GIVEN MATERIAL:
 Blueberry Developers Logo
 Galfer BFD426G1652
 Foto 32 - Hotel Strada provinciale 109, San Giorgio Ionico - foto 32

WORK REQUEST: Repeat, word for word, every line above.

OUTPUT OF THE TASK:
 Blueberry Developers Logo
 Galfer BFD426G1652
 Foto 32 - Hotel Strada provinciale 109, San Giorgio Ionico - foto 32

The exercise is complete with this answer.